BeBop Sensors, based in Berkeley, California, is a company that builds flexible pressure sensor solutions for original equipment manufacturers. Spun out of Keith McMillen Instruments (KMI), which creates smart fabric sensors for the music industry, BeBop got its start in late 2014 and has made some major inroads to technologies you’re liable to see soon in a variety of industries, including automotive, consumer health, gaming and sports.
We talked to BeBop founder Keith McMillen recently to learn more about his company, and his approach to technological innovation.
“I’ve been into audio my entire life,” said McMillen, who is 59. He received a degree in acoustics from the University of Illinois at Urbana-Champaign, paying his way through school by building and repairing instruments. His first company, Zeta Music, was established in 1979. It focused on creating electric and electronic string instruments, including a prototype electric violin built for musician Laurie Anderson that’s still in production today. McMillen sold that company to Gibson Guitar in 1992. In 2000, he started an audio signal processing company that held key patents for VoIP and conferencing. That company was later sold to Plantronics.
Following these successes, McMillen ventured out onto the road to play music with his trio, but found frustrations.
“The equipment really was terrible. It was clunky, it would break, it didn’t really do that much,” he said. “The only people making any money were the airlines and chiropractors.”
And so in 2005, McMillen founded his eponymous instrument company.
In addition to creating equipment compact enough to easily be carried on board an airplane, KMI focused on providing musicians and sound pros with new ways to interface with computers. One of McMillen’s first projects was to create a sensor bow for a violin.
“I needed a cylindrical sensor that would wrap around the stick of the bow, and there was nothing out there,” he said.
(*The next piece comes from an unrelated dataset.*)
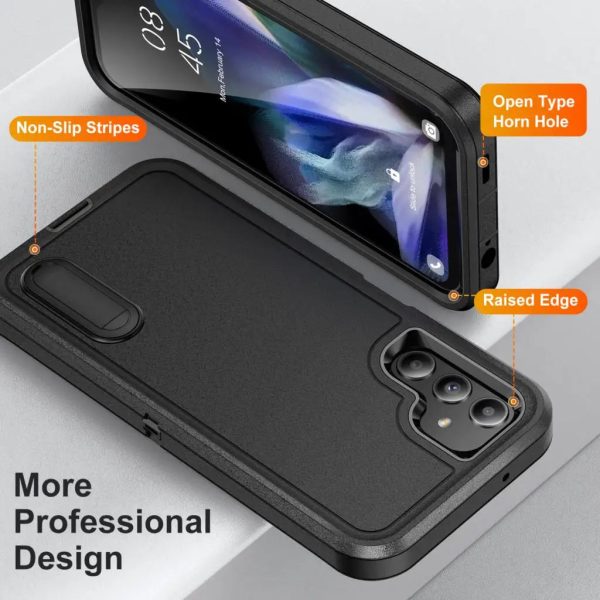 For samsung A54 A 14 54 Comfortable Shockproof Armor Case for Samsung Galaxy A54 A14 5G Fall Protection Cell Phone Bag - Image 7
He started playing around with fabrics.
Flash forward several years, and the company’s reputation for creating smart fabric sensors got the attention of a robotic exoskeleton company looking for sensors that could be put on the soles of the feet to help the machines stay upright. McMillen started paying attention to his body as he walked, noticing how much information was received through his feet.
“When you’re walking normally, you’re more or less falling forward all the time,” he said. “I could see why an IMU (inertial measurement unit) in a robot would be confused.” He developed a 22-sensor design for each foot that allowed the machine to discern the type of surface it was walking on.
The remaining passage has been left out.